Bir şehrin nabzının attığı yerin sivil toplum örgütleri olduğunu ifade eden Yıldırım, bu örgütlerin birbirleriyle kaynaşması, şehrin geleceğini planlaması ve şehir bilinci kimliğinin geliştirilmesinin o şehrin kalkınmasına çok büyük katkı sağladığını belirtti.

Yıldırım, katılımcı demokrasinin vazgeçilmez esasının da sivil toplum örgütleri olduğunu, sorunlara bigane kalmamanın, sorunları torunlara havale etmemenin, onlarla mücadele etmenin hayatın olmazsa olmazı olduğunu söyledi.

Antalyalıların yüzünü güldürmek için son 15 senedir hizmet ettiklerini, bir yandan belediye başkanlarının eldeki sınırlı imkanlarla çok güzel hizmetleri yaptıklarını anlatan Yıldırım, merkezi hükümet olarak, sağlık, eğitim, ulaşım, sosyal hizmetler, tarım ve turizmde büyük hizmetleri ülkeye olduğu gibi Antalya'ya da kazandırma gayretinde olduklarını aktardı.

"TÜRKİYE ZAYIF İKTİDARLARDA HEP KAYBETMİŞ"

Sivil toplum kuruluşlarıyla bir araya gelme konusuna büyük hassasiyet gösterdiklerini vurgulayan Yıldırım, şunları söyledi:

“Oluşturduğumuz ortak akıl sayesinde pek çok sorunu daha kolay çözeceğiz. Daha hızlı bir şekilde geleceğe adım atacağız. Sizlerin katkısı bize yol gösterici olmaya devam edecek, gücümüze güç katacak.
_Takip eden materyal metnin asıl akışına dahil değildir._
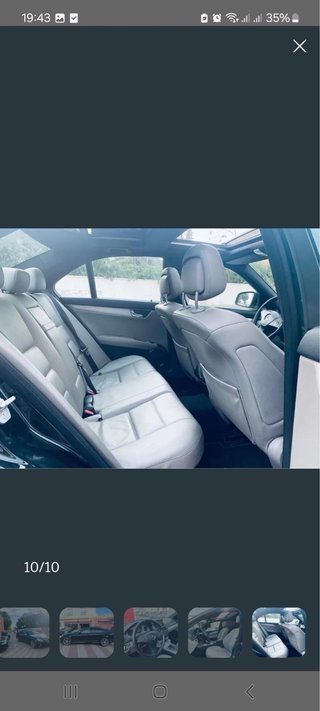 Mercedes-Benz Clase C 2008
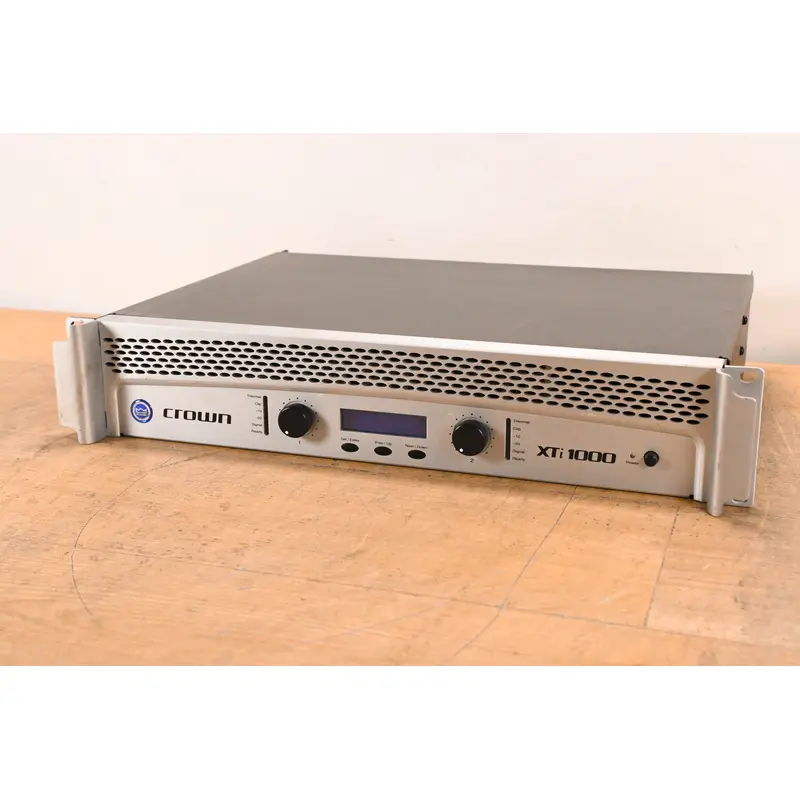 Crown XTi 1000 Stereo Power Amplifier with DSP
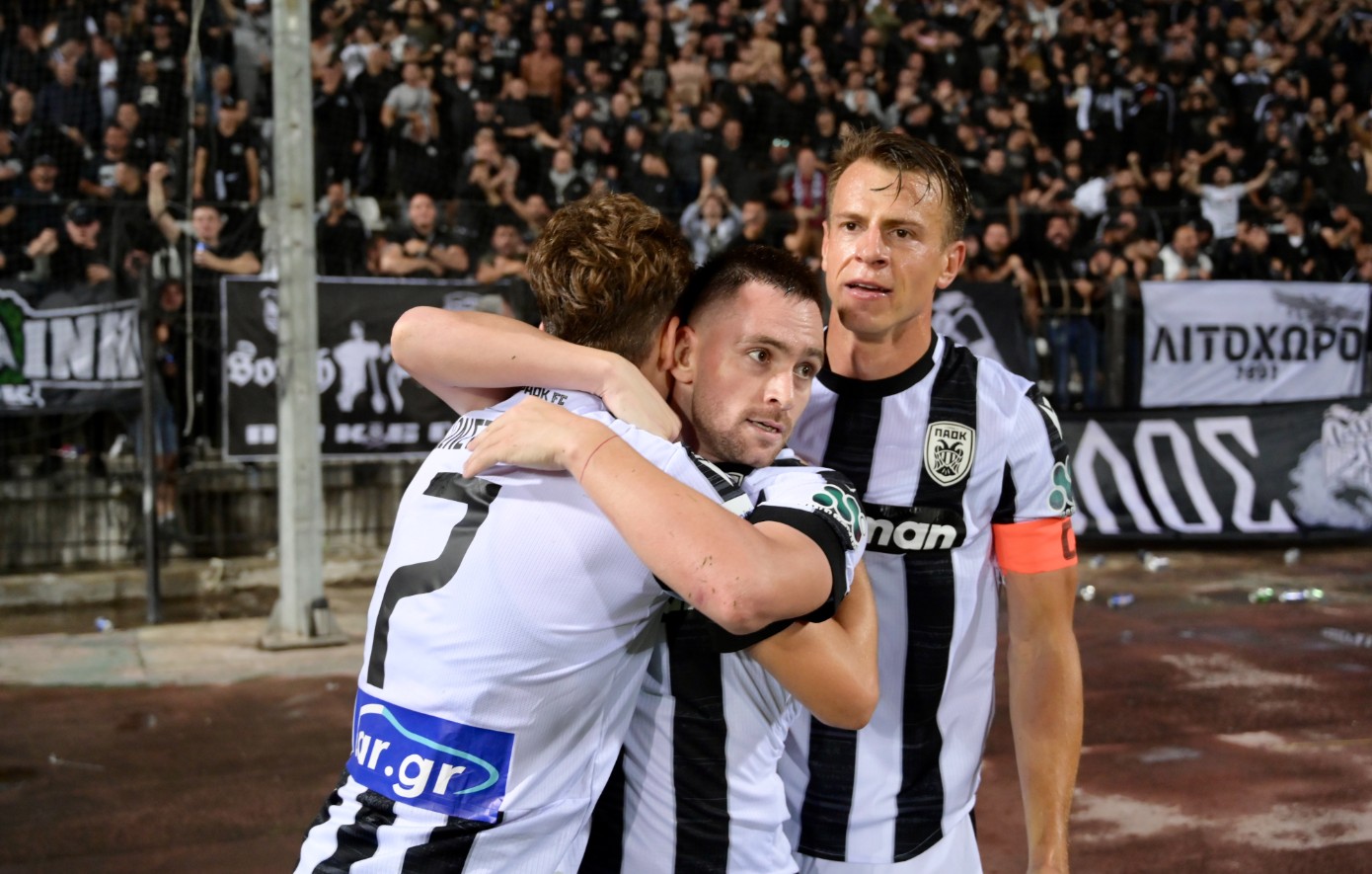 ΠΑΟΚ: Έτοιμος για την κατάκτηση του 4ου πρωταθλήματος στην ιστορία του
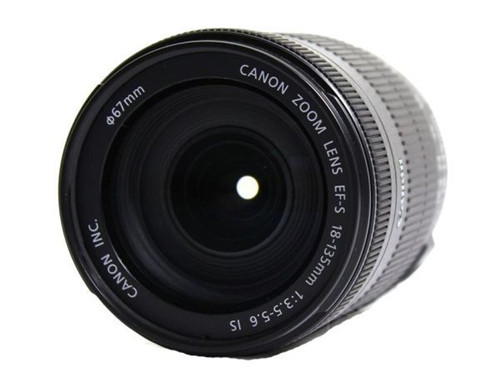 一分钟学会看单反镜头参数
AK Parti olarak, son 15 yılda sivil toplum kuruluşlarının gelişmesi, büyümesi ve demokrasimize katkı sağlaması için çok büyük destekler verdik. Bugün Türkiye’de her alanda güzel bir gelişme içindeysek, şüphesiz, bu başarıda sizin verdiğiniz katkının, desteğin büyük payı var. Çünkü sizin destekleriniz olmasa biz bütün bu hizmetleri yapamayız. Ülkede istikrar ve güven olmazsa, iktidar olamazsınız. Geçmiş yıllara bakın, Türkiye, zayıf iktidarlarda hep kaybetmiş, zaman su gibi akmış, Türkiye kazanımlarını artıracağı yerde daha da azalmış. Son 50 yılın siyasi tarihine bakın, tek başına iktidarlardaki Türkiye'nin büyüme oranı, koalisyon dönemine göre iki kattır. Demek ki güven ve istikrar, bu iki sihirli sözcük bir ülkenin kalkınması gelişmesi için olmazsa olmazdır."

Yıldırım, Türkiye için emek harcayan, katma değer üreten herkesin başlarının üzerinde yeri olduğunu dile getirdi.

 Göreve geldikleri ilk günlerde ülkeyi içine düştüğü çaresizlik girdabından çıkardıklarına dikkati çeken Yıldırım, 15 yılda bir Türkiye’yi 3 Türkiye yaptıklarını, hedeflerinin bununla da sınırlı olmadığınını vurguladı.

2023 HEDEFİ

Önlerinde Cumhuriyetin 100. yılının olduğunu anlatan Yıldırım, “2023 yılında, ülkemizi Gazi Mustafa Kemal Atatürk'ün işaret ettiği muasır medeniyetler seviyesine taşımak ve hatta onun ötesine geçmek en büyük dileğimiz, hedefimizdir. Bunu birlikte başaracağız. Bir olacağız, beraber olacağız, diri olacağız, iri olacağız, birlikte Türkiye olacağız." ifadelerini kullandı.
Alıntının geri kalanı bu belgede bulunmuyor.